The Georgia Supreme Court has upheld a terroristic threats statute challenged by a Hall County high school student who was charged with making terroristic threats on Facebook.
Devon Major, a Lanier Career Academy student, reportedly posted a threat on the social media site in September 2014 saying, in part, "Lord please save me before o [sic] get the chopper out and make Columbine look childish."
Major challenged his indictment, arguing the statute under which he was charged was unconstitutional because it was vague and overboard in violation of his First Amendment right to free speech and Fourteenth Amendment right to due process.
Major was arrested and charged with threatening to commit a crime of violence against another “in reckless disregard of causing such terror” in violation of the former version of Georgia Code § 16-11-37 that was in effect in 2014.
The trial court denied Major's challenge and he asked to appeal to the state Supreme Court; that request was granted.
In his pre-trial appeal, Major argues that the statute punishes protected speech by focusing on the state of mind of the person receiving the threat rather than the state of mind of the speaker, and because recklessness does not require a showing of specific intent, it therefore does not meet the definition of a “true threat.”

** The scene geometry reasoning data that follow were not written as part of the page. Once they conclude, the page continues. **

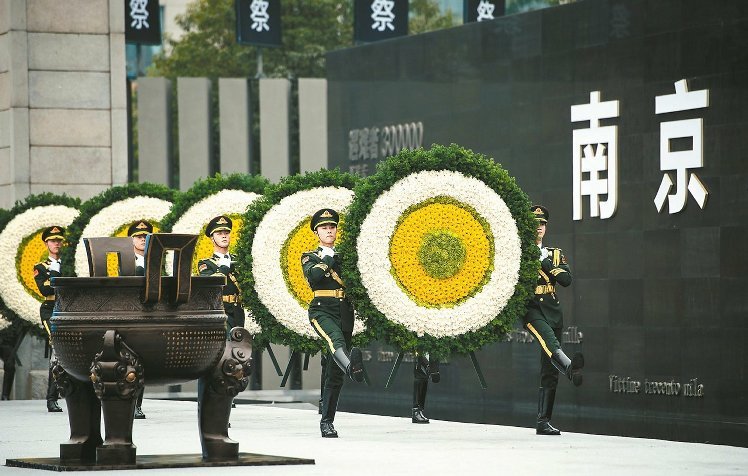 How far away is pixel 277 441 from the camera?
13.1 metres

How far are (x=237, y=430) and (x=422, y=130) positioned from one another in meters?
6.25

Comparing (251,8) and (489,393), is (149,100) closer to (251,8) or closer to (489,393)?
(251,8)

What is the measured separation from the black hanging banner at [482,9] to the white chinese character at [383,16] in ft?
4.66

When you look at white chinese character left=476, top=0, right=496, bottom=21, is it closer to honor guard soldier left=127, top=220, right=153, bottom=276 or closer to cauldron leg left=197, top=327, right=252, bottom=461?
honor guard soldier left=127, top=220, right=153, bottom=276

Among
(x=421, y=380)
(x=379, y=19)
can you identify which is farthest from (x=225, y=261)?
(x=379, y=19)

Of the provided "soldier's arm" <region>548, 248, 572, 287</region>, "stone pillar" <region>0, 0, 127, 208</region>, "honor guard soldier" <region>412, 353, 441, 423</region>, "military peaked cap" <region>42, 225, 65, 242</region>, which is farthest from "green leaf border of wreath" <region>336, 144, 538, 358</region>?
"stone pillar" <region>0, 0, 127, 208</region>

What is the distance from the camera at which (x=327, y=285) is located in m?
13.6

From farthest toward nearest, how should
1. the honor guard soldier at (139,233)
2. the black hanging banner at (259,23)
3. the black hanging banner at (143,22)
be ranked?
the black hanging banner at (259,23)
the black hanging banner at (143,22)
the honor guard soldier at (139,233)

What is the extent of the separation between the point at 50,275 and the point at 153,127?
9248 mm

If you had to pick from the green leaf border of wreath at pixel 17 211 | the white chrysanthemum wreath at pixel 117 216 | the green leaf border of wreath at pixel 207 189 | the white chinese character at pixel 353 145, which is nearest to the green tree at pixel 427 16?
the white chinese character at pixel 353 145

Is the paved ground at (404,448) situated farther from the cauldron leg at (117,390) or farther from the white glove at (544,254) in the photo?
the white glove at (544,254)

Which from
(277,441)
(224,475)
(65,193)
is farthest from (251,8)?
(224,475)

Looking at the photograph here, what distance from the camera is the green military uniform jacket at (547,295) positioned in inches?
546

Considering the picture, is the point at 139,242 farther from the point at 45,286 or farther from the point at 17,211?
the point at 17,211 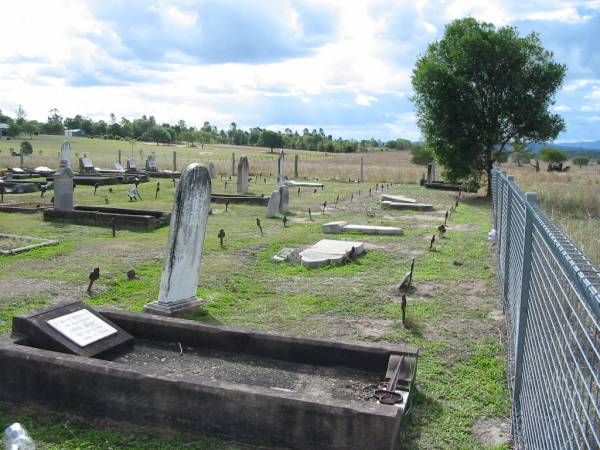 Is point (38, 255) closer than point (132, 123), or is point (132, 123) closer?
point (38, 255)

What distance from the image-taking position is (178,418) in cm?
456

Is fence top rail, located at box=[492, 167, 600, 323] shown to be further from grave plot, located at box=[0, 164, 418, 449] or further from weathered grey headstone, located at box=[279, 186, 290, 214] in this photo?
weathered grey headstone, located at box=[279, 186, 290, 214]

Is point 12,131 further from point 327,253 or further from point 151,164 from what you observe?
point 327,253

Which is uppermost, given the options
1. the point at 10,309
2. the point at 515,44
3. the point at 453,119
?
the point at 515,44

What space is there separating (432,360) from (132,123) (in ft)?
419

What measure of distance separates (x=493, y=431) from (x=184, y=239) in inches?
170

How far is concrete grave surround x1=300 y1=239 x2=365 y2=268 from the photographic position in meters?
10.8

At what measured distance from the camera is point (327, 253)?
1125 cm

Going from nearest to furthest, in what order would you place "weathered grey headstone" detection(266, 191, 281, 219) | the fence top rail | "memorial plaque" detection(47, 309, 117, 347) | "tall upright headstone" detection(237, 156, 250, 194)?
the fence top rail < "memorial plaque" detection(47, 309, 117, 347) < "weathered grey headstone" detection(266, 191, 281, 219) < "tall upright headstone" detection(237, 156, 250, 194)

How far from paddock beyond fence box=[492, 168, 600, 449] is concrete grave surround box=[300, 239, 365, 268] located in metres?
4.94

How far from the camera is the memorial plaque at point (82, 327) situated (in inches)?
219

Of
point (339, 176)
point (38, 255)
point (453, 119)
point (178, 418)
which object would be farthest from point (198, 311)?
point (339, 176)

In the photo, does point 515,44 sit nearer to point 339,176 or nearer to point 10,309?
point 339,176

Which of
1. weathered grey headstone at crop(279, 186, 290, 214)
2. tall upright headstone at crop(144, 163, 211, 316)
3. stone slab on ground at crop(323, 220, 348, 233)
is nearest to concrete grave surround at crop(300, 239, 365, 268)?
stone slab on ground at crop(323, 220, 348, 233) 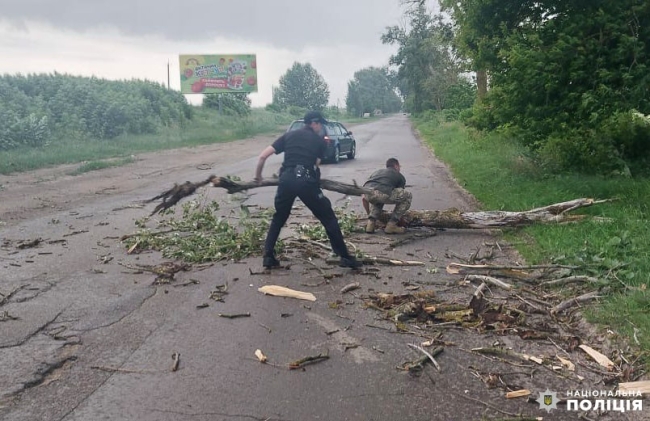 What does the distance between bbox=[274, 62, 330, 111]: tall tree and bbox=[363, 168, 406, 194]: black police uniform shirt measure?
7906 cm

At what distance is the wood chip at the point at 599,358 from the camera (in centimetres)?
455

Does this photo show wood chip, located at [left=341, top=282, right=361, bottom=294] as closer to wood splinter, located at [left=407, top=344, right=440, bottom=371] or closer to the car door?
wood splinter, located at [left=407, top=344, right=440, bottom=371]

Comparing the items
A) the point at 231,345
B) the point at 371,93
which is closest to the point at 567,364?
the point at 231,345

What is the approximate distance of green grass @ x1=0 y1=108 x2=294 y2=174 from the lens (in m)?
22.1

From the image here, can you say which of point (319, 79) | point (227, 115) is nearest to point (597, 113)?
point (227, 115)

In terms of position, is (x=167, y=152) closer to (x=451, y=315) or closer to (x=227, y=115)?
(x=451, y=315)

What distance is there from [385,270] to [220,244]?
2296mm

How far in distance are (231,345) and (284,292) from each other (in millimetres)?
1411

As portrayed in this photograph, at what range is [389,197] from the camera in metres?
9.17

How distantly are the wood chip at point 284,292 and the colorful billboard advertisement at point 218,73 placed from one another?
47395 mm

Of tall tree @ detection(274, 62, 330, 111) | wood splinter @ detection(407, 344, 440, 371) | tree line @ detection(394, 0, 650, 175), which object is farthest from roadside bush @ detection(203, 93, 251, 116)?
wood splinter @ detection(407, 344, 440, 371)

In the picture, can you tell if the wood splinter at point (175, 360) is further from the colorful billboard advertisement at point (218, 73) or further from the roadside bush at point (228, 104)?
the roadside bush at point (228, 104)

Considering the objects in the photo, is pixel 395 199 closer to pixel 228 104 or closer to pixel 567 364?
pixel 567 364

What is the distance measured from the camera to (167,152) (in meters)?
29.1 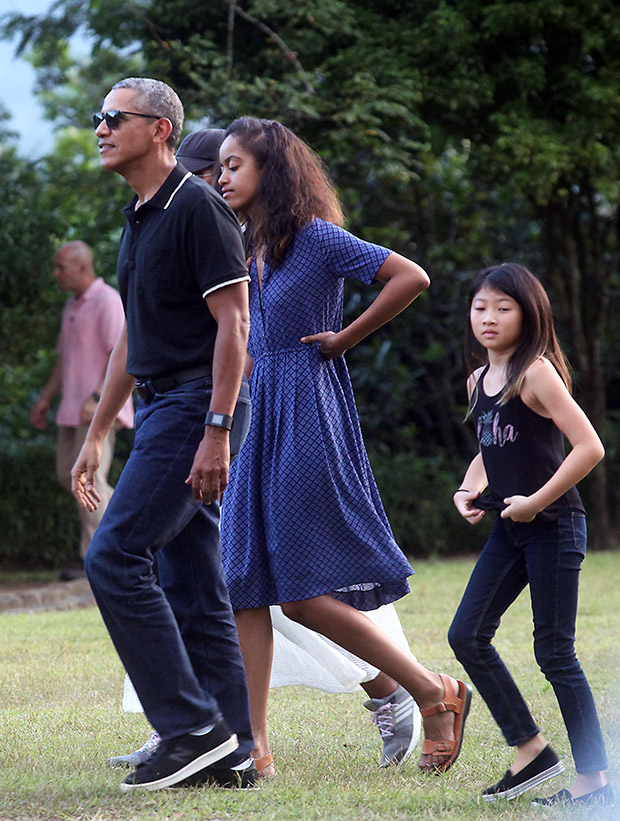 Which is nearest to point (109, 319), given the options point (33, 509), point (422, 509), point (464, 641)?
point (33, 509)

The justices disagreed, with Justice Carol Hunstein writing in the unanimous opinion:
“It is well established that recklessness requires a person to act with ‘conscious disregard for the safety of others.’ Therefore, contrary to Major’s assertions, recklessness clearly requires an analysis of the accused’s state of mind at the time of the crime alleged."

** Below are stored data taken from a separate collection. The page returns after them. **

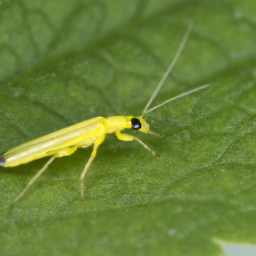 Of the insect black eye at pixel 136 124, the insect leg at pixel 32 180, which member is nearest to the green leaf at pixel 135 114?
the insect leg at pixel 32 180

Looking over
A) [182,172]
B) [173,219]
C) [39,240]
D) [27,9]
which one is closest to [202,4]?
[27,9]

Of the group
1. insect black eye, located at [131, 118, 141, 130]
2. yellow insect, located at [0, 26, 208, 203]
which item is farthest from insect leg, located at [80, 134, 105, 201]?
→ insect black eye, located at [131, 118, 141, 130]

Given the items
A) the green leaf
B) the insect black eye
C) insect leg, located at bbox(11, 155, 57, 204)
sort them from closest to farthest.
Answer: the green leaf
insect leg, located at bbox(11, 155, 57, 204)
the insect black eye

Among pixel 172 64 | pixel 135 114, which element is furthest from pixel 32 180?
pixel 172 64

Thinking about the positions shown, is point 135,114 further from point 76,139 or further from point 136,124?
point 76,139

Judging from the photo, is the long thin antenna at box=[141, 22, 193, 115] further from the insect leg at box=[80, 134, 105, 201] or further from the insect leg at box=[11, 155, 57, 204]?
the insect leg at box=[11, 155, 57, 204]

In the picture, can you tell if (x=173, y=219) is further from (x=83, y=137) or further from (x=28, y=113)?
(x=28, y=113) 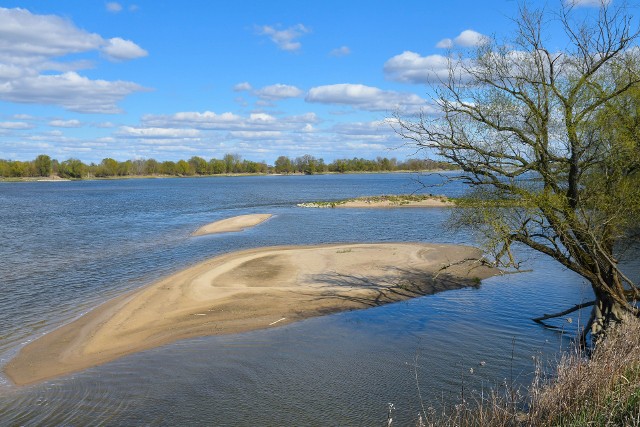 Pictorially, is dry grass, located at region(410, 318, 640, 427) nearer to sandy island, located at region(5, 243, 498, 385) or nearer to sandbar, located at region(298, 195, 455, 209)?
sandy island, located at region(5, 243, 498, 385)

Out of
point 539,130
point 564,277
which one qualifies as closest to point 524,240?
point 539,130

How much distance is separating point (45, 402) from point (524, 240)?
12.3 meters

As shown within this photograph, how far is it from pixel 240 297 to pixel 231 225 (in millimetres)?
26796

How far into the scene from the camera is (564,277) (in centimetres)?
2306

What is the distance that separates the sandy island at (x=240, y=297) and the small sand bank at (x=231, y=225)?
13.1m

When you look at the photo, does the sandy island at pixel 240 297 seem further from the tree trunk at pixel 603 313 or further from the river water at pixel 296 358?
the tree trunk at pixel 603 313

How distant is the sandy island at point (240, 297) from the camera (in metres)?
14.7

“Because former § 16-11-37 (a) requires that a person communicate a threat of violence in a purposeful or reckless manner, both of which are true threats and not protected speech, it does not violate the First Amendment’s right to free speech. Once again, Major alleges that the statute focuses on the listener’s reaction to the communicated threatening language and not the intent of the speaker, muddying the lines of what is, and what is not, constitutionally protected speech,” the opinion said.

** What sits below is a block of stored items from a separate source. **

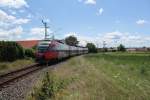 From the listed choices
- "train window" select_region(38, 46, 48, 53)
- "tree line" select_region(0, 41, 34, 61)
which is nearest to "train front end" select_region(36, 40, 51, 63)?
"train window" select_region(38, 46, 48, 53)

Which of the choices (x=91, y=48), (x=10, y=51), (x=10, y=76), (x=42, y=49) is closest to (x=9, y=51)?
(x=10, y=51)

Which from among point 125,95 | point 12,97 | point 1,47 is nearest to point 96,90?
point 125,95

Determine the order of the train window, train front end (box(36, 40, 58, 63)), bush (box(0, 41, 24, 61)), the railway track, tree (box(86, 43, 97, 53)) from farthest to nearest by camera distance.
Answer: tree (box(86, 43, 97, 53))
the train window
train front end (box(36, 40, 58, 63))
bush (box(0, 41, 24, 61))
the railway track

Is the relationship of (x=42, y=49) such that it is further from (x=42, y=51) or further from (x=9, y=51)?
(x=9, y=51)

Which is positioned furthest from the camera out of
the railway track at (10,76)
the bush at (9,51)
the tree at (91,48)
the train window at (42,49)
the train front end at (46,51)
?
the tree at (91,48)

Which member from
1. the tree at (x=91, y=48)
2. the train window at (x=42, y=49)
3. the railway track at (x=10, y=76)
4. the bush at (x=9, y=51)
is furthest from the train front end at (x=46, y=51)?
the tree at (x=91, y=48)

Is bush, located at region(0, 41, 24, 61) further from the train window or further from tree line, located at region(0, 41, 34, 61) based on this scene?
the train window

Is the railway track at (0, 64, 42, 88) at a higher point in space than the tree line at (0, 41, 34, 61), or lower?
lower

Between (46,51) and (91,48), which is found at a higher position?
(46,51)

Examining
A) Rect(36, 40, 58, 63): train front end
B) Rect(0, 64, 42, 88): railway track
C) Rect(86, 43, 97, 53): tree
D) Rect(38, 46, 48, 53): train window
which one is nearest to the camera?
Rect(0, 64, 42, 88): railway track

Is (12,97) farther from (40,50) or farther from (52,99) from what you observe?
(40,50)

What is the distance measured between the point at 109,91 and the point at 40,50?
1015 inches

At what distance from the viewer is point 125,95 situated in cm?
1191

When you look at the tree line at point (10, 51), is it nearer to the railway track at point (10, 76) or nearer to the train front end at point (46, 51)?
the train front end at point (46, 51) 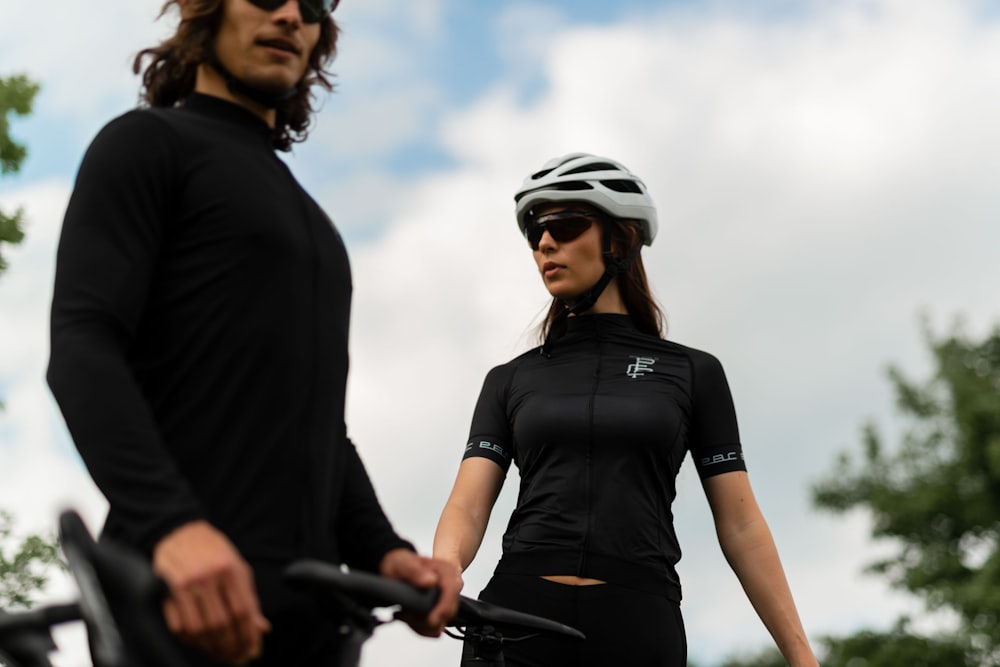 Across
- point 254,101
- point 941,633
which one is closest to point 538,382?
point 254,101

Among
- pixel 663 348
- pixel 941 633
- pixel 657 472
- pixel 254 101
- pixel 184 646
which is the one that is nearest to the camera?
pixel 184 646

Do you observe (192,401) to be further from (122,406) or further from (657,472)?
(657,472)

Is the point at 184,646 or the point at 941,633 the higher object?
the point at 941,633

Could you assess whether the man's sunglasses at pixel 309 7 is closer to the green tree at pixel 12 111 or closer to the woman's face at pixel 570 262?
the woman's face at pixel 570 262

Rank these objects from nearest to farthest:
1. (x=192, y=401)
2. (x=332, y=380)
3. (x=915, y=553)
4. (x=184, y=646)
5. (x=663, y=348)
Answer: (x=184, y=646) < (x=192, y=401) < (x=332, y=380) < (x=663, y=348) < (x=915, y=553)

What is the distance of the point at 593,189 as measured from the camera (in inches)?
246

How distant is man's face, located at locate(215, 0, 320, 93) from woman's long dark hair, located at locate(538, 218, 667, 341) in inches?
131

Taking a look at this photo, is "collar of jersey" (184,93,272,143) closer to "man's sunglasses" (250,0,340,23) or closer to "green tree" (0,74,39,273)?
"man's sunglasses" (250,0,340,23)

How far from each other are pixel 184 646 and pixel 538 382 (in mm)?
3681

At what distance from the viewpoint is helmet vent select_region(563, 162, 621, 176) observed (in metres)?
6.42

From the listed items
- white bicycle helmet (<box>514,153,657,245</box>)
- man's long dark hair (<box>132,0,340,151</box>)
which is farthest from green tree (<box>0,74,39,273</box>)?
man's long dark hair (<box>132,0,340,151</box>)

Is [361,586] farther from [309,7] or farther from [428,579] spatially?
[309,7]

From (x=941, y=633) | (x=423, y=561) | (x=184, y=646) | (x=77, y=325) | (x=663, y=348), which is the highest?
(x=941, y=633)

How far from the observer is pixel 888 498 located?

The plain language of the statute "prohibits a person from threatening, in a reckless manner, to commit any crime of violence. A person of ordinary intelligence can clearly understand the meaning of threatening to commit any crime of violence.
"We affirm the trial court’s decision upholding the constitutionality of former § 16-11-37 (a) against a vagueness challenge.
Major also argued that his use of "Lord please save me" in his post was therapeutic or religious in nature, and therefore not intended as a threat. However, the opinion said the criminal intent was a question of fact meant for a jury, not for this court. “Based on the evidence in the record before us, we find that the statute has not been unconstitutionally applied to Major.”